[Short descriptive text snippets]
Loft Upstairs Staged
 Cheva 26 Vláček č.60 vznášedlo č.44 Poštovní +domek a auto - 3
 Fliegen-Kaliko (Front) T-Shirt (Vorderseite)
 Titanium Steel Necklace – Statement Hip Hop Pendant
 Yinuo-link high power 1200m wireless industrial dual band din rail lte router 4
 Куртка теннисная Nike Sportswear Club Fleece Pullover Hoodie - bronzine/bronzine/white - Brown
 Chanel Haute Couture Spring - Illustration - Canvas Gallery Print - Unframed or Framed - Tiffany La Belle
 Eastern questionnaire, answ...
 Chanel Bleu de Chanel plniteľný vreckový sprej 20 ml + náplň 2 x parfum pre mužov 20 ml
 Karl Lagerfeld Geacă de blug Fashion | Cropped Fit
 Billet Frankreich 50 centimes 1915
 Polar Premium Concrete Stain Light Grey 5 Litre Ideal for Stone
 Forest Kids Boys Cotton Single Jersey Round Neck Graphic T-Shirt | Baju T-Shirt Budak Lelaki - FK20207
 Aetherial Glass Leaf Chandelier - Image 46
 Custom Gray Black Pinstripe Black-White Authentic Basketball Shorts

> _Assignment_: Say how many lines of the entries above hold the string "Chanel", and say nothing besides the number.

> _Task response_: 2